#### [Work item]
Every line from the top of the records below through the one containing "Shopping Bag Fabric" must be copied exactly, and the pictures must not be.

--- Data to process ---

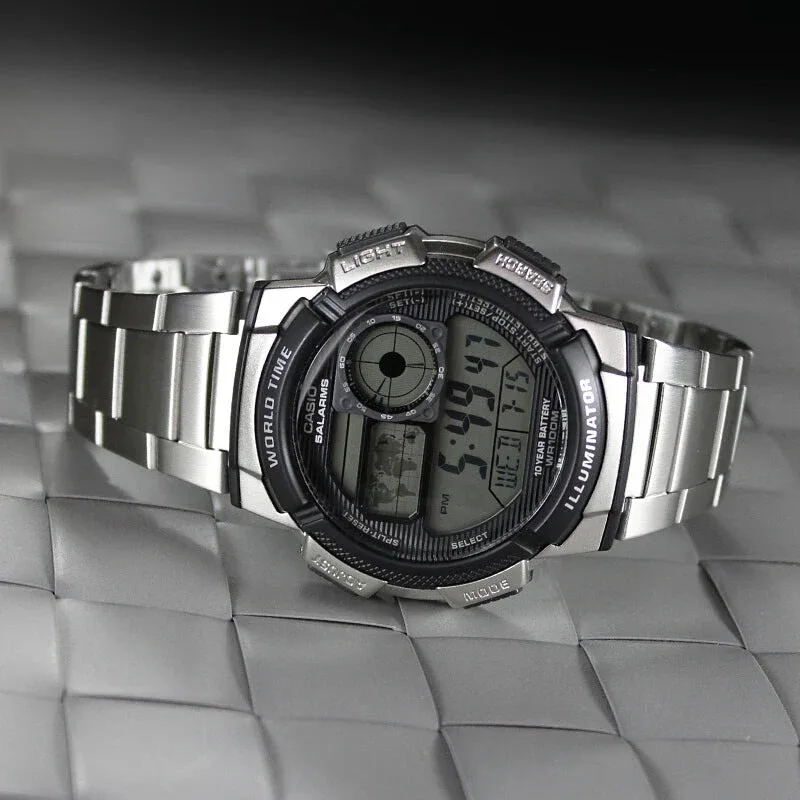 Casio Worldtime Black Steel thumbnail 3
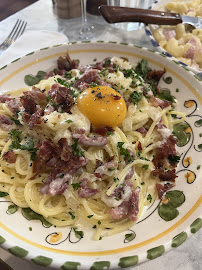 Pâtes à la carbonara du Restaurant italien LA TRATTORIA à Reims - n°9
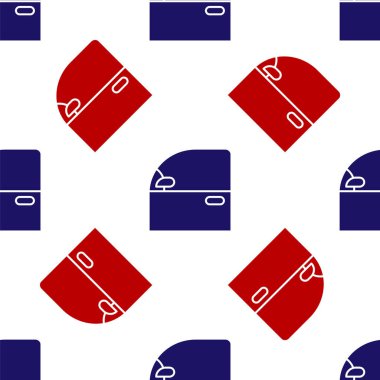 Blue and red Car door icon isolated seamless pattern on white background. Vector Illustration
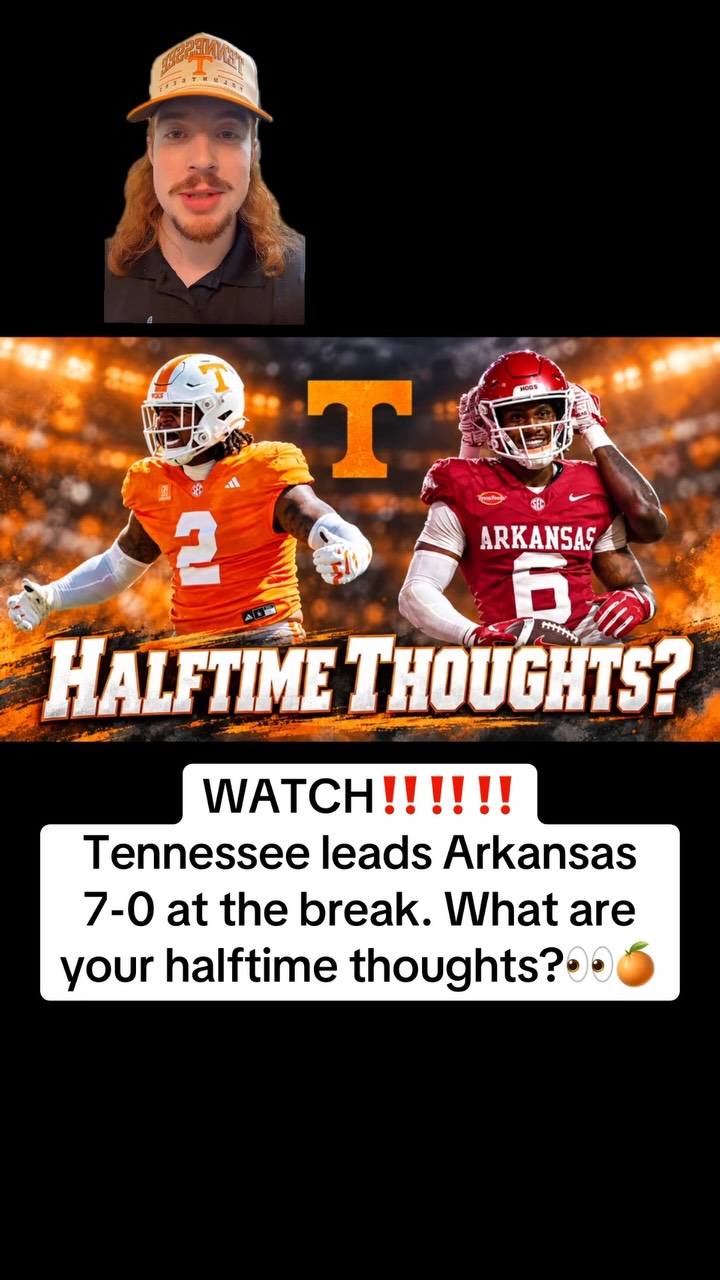 Halftime Thoughts: Tennessee leads ... on MILLIONS Halftime Thoughts: Tennessee leads ...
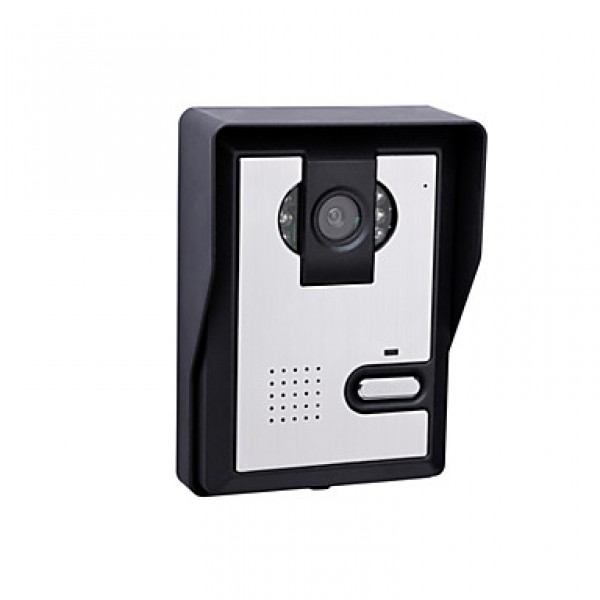 Wireless Night Vision Camera with 7 Inch Door Phone Monitor (1camera 4 monitors)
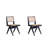 Hamlet 17.72'' H Ash Solid Wood Cane Back Side Chair-72064382-103877989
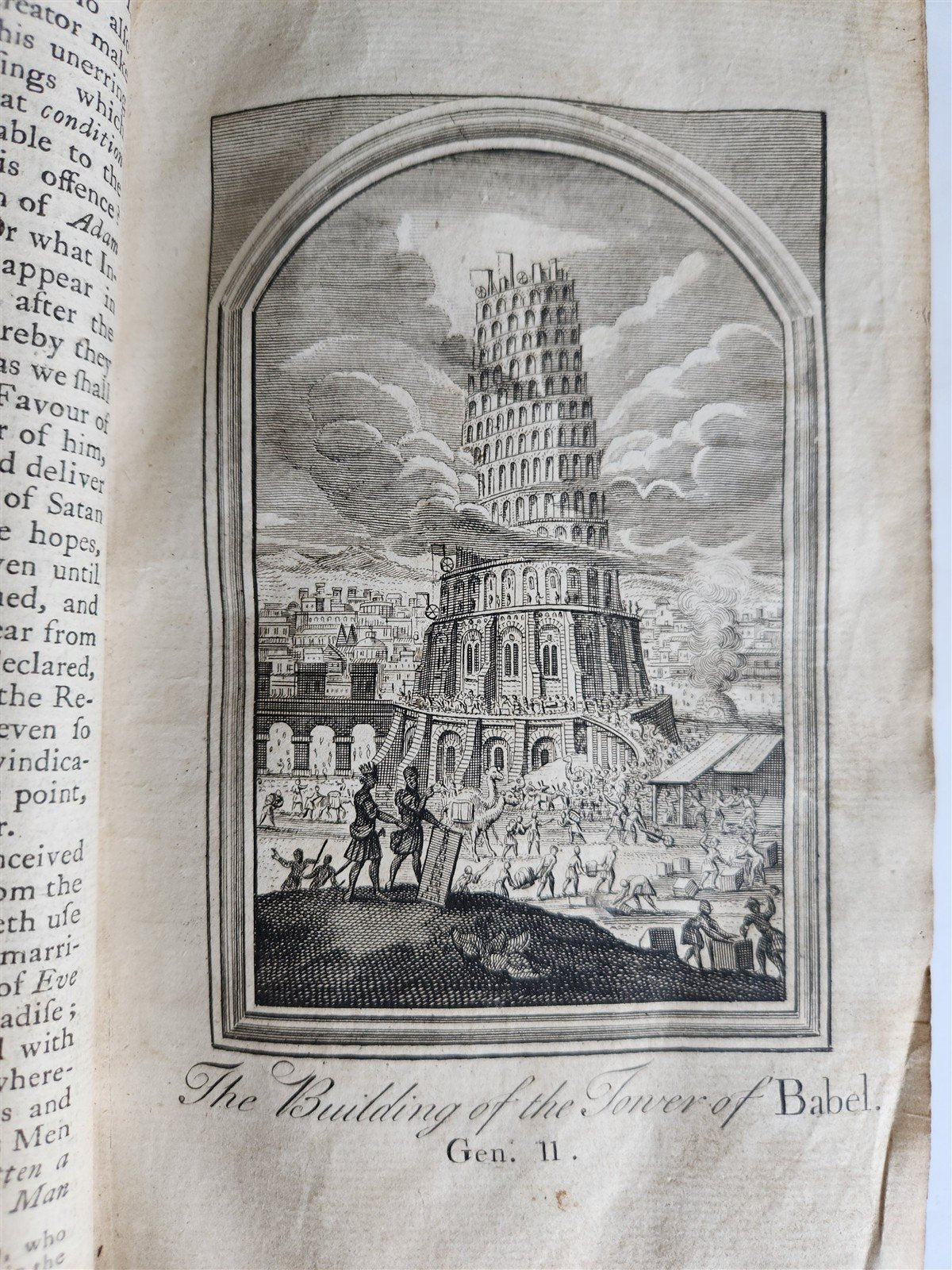 1738 BIBLE OLD AND NEW TESTAMENT HISTORY in ENGLISH antique ILLUSTRATED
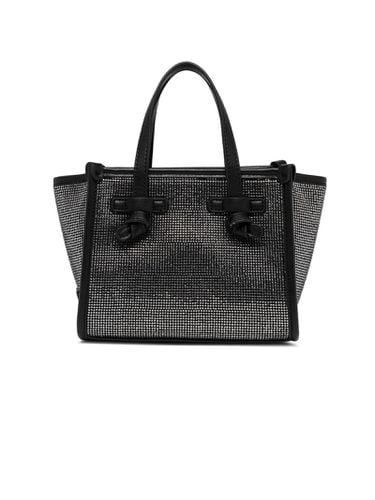 Shopping Bag Fabric And Crystal Rhinestones - Gianni Chiarini - Modalova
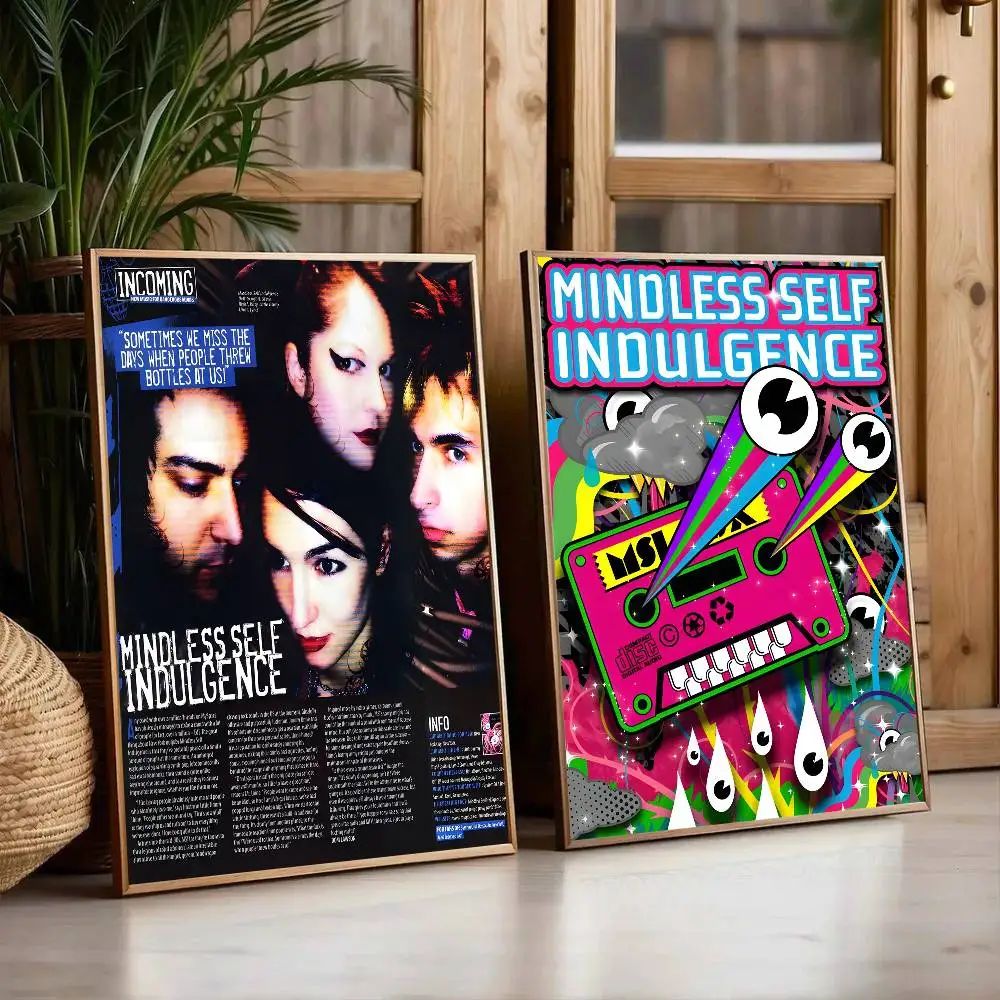Фото Плакат Mindless S-Self I-Indulgence Band HD Art, липкая стена, водонепроницаемый, для дома, гостиной, спальни, бара, эстетическое украшение №4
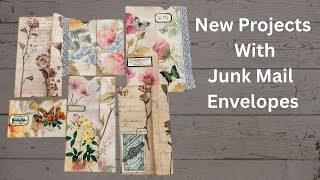 NEW CREATIVE WAYS TO USE JUNK MAIL ENVELOPES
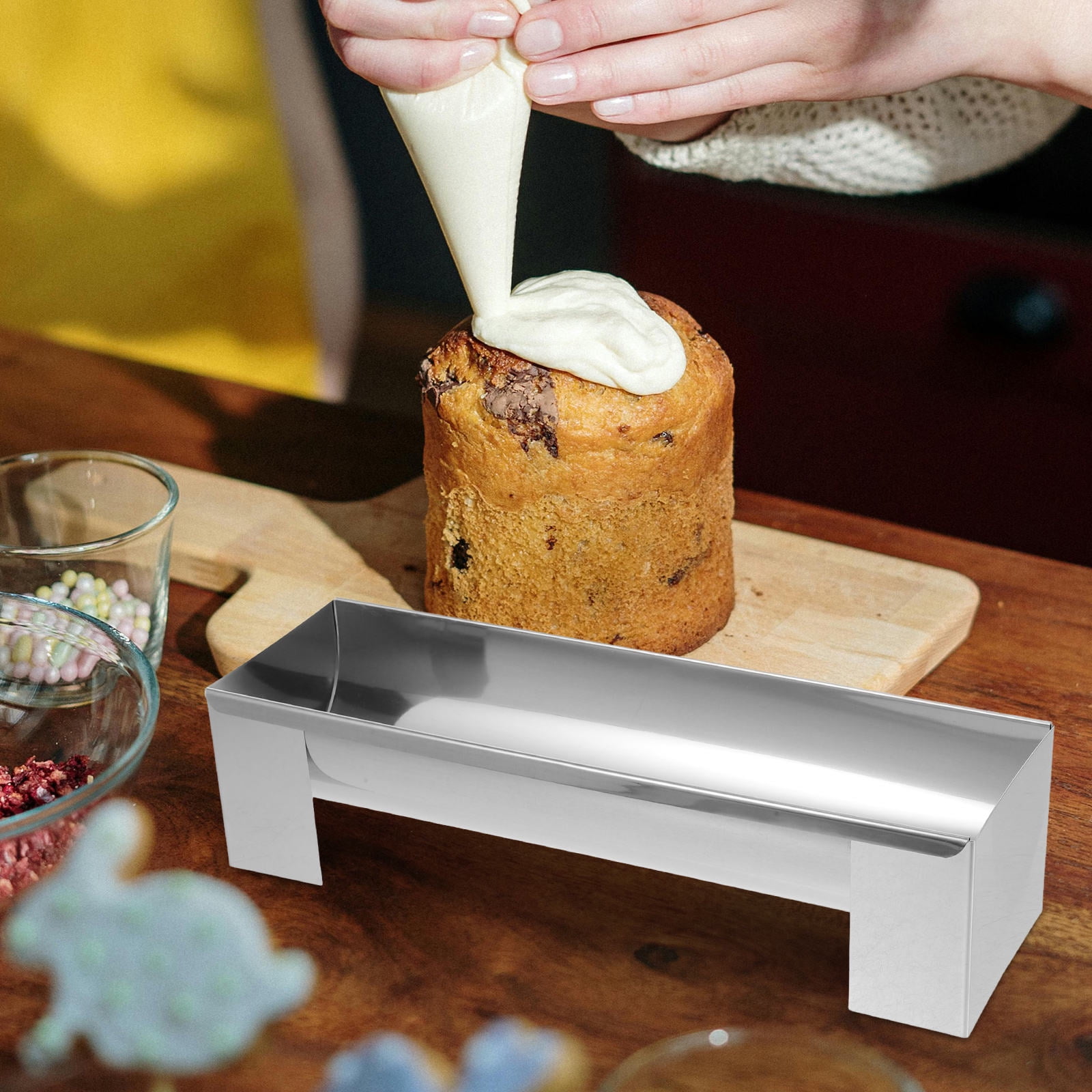 Beaupretty Stainless Steel U-Shape Cake Pan Mold Plated Silver for ...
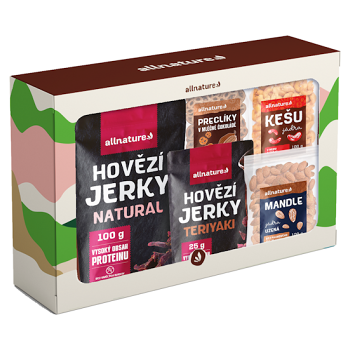 ALLNATURE Darčeková sada slaného maškrtenia 425 g (Darčekové balenia potravín) - Slané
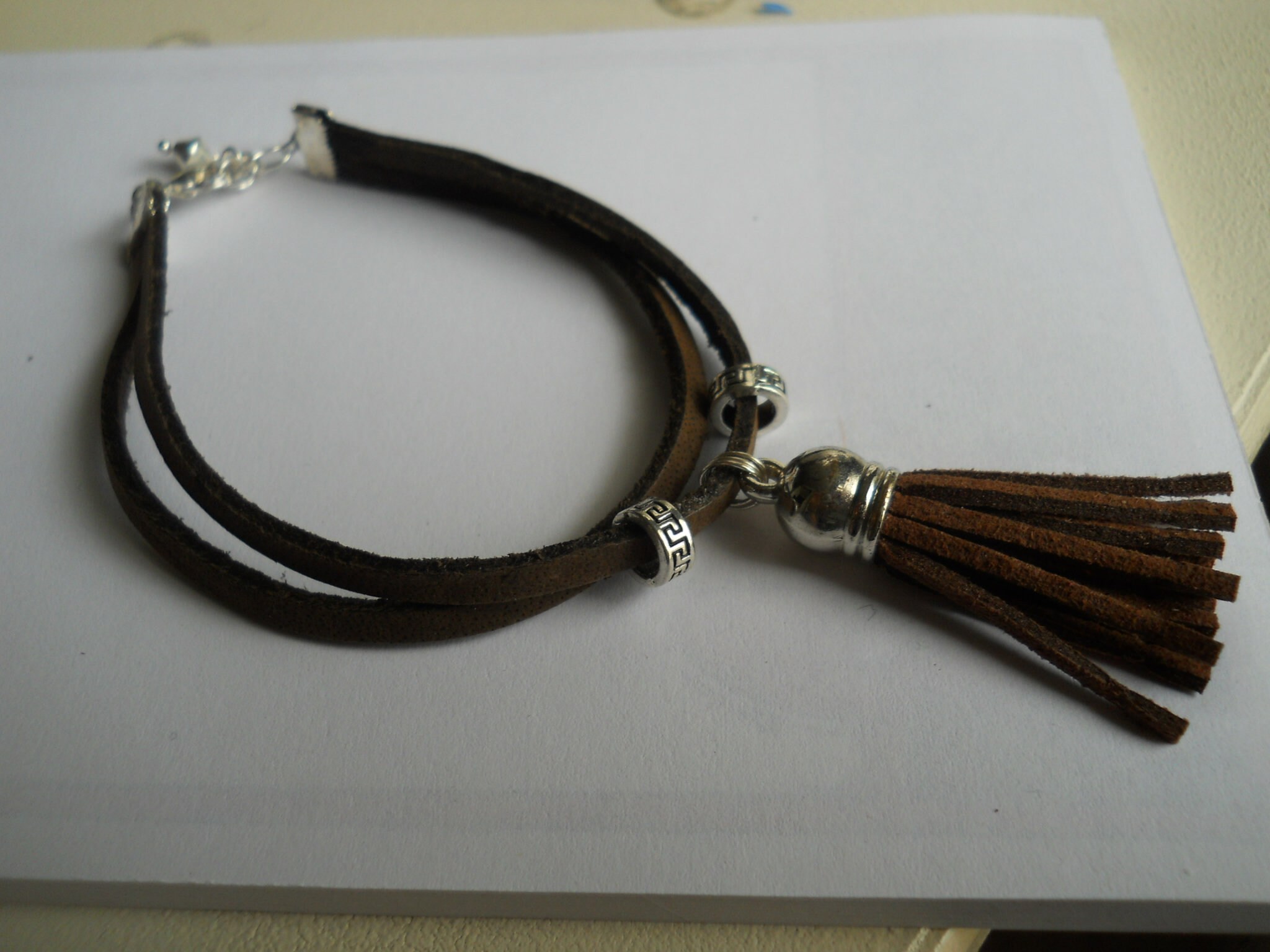 Leather bracelet Etsy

---

#### [Task result]
 Casio Worldtime Black Steel thumbnail 3
 Pâtes à la carbonara du Restaurant italien LA TRATTORIA à Reims - n°9
 Blue and red Car door icon isolated seamless pattern on white background. Vector Illustration
 Halftime Thoughts: Tennessee leads ... on MILLIONS Halftime Thoughts: Tennessee leads ...
 Wireless Night Vision Camera with 7 Inch Door Phone Monitor (1camera 4 monitors)
 Hamlet 17.72'' H Ash Solid Wood Cane Back Side Chair-72064382-103877989
 1738 BIBLE OLD AND NEW TESTAMENT HISTORY in ENGLISH antique ILLUSTRATED
 Shopping Bag Fabric And Crystal Rhinestones - Gianni Chiarini - Modalova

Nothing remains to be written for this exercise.